DOSSZIÉ 6 — ARRESTS & INTERROGATIONS
Varga was taken to a Soviet military prison in Kispest.
The NKVD interrogated him specifically about Katyn.
A sympathetic interpreter warned him:
“Stalin ordered that all who know about Katyn must be eliminated.”
Bondor, arrested on 13 February 1945, reported that the Gestapo questioned him about Mikó,
while the NKVD questioned him about Wallenberg.
When Bondor said Mikó only helped with food and supplies, the Soviets pressed:
“What do you know about the documents?”
Bondor did not know their content or location.

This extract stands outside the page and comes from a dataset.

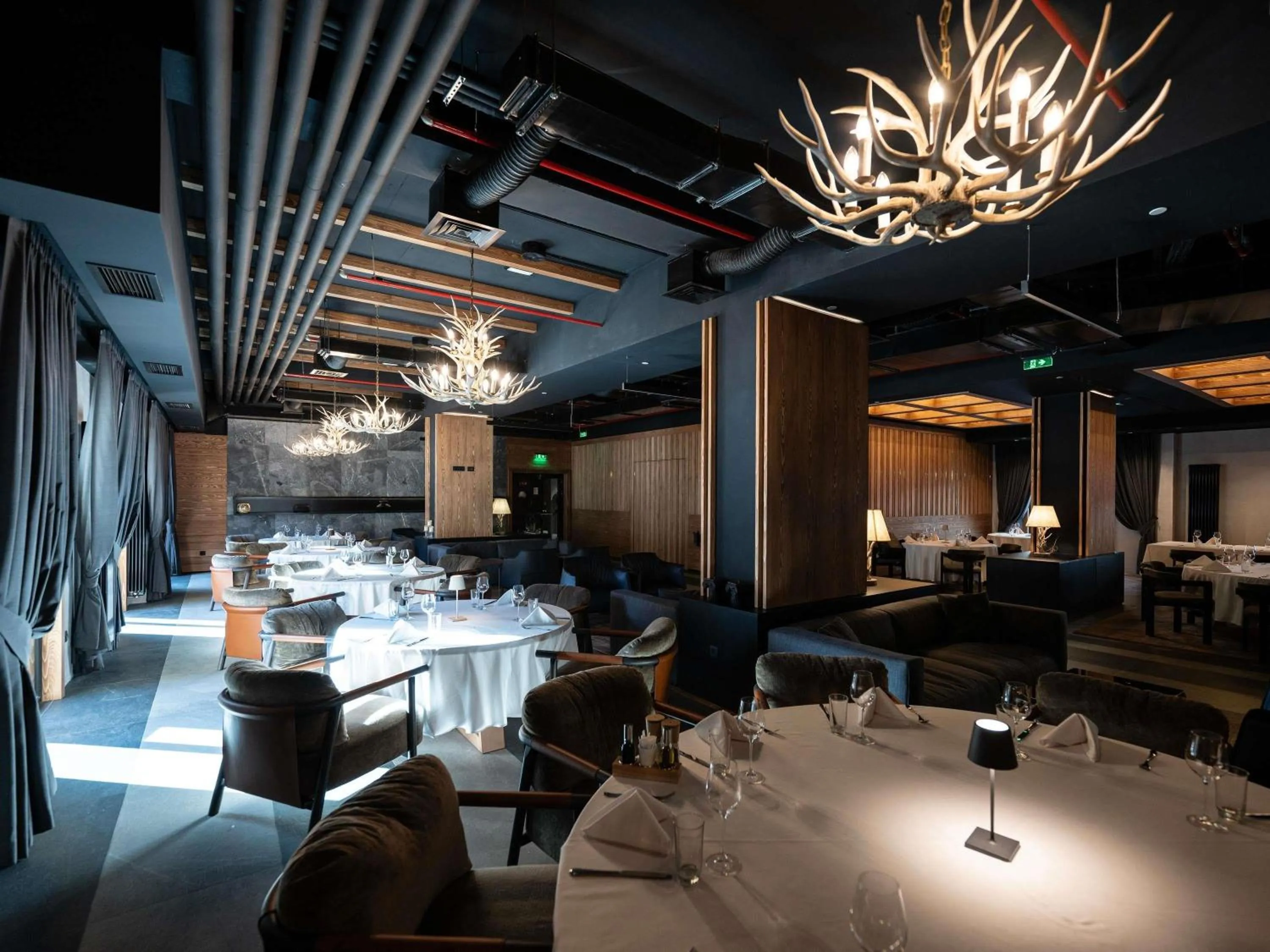 Restaurant/places to eat in Swissôtel Resort Kolasin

He was shown photographs of Polish officers — almost certainly Katyn victims.
On 9 July 1945, in Constanța, Romania, Mikó and Bondor were tried and sentenced to death for
“training spies.”
In the death cell, Mikó told Bondor the truth:
Wallenberg had been carrying documents relating to the Katyn massacre.
And Wallenberg believed the Americans would save him.
DOSSZIÉ 7 — PARALLELS BETWEEN TWO DISAPPEARANCES
The similarities between Wallenberg and Mikó are unmistakable:
• Both approached the Soviets voluntarily
• Both sought to save lives
• Both were greeted politely
• Both were later arrested without explanation
• Both disappeared within the Soviet system
Wallenberg left Budapest on 17 January 1945 to meet Marshal Malinovsky.
Mikó left in late January to negotiate a surrender that could spare Budapest from annihilation.
Both were imprisoned.
Both vanished.
Both cases were denied for decades.
Soviet detectives investigating Mikó’s home expressed genuine surprise that he had already
reported to Soviet command — evidence of an active investigation into the Wallenberg–Mikó
connection.
The Soviets admitted to holding Wallenberg only in the Gorbachev era; they denied holding
Mikó until 1990.
DOSSZIÉ 8 — THE LONG COVER-UP & THE QUESTION OF GENOCIDE
For 55 years, the Soviet Union presented four contradictory narratives about Wallenberg:
1. He was under Soviet control but not imprisoned.
2. The Soviets knew nothing about him.
3. He died of a heart attack in 1947.
4. He died, but details were unknown.
Even after Russia acknowledged guilt for Katyn in 1992, denial persisted — including a 1998
exhibition in Washington that again blamed Germany.
Polish attempts to obtain a genocide ruling were countered by Soviet allegations about supposed
Polish atrocities in 1919–21, widely viewed as a political distraction.
Why such secrecy?
Because Katyn was:
• a deliberate political mass murder
• the extermination of a nation’s leadership
• an act that fits the definition of genocide
In 1945, revealing the truth would have threatened the Soviet Union’s wartime legitimacy.
From the view of Stalin’s regime, eliminating anyone who might expose Katyn —
including Raoul Wallenberg — was necessary.
Thus Wallenberg became one of the last victims of the Katyn massacre.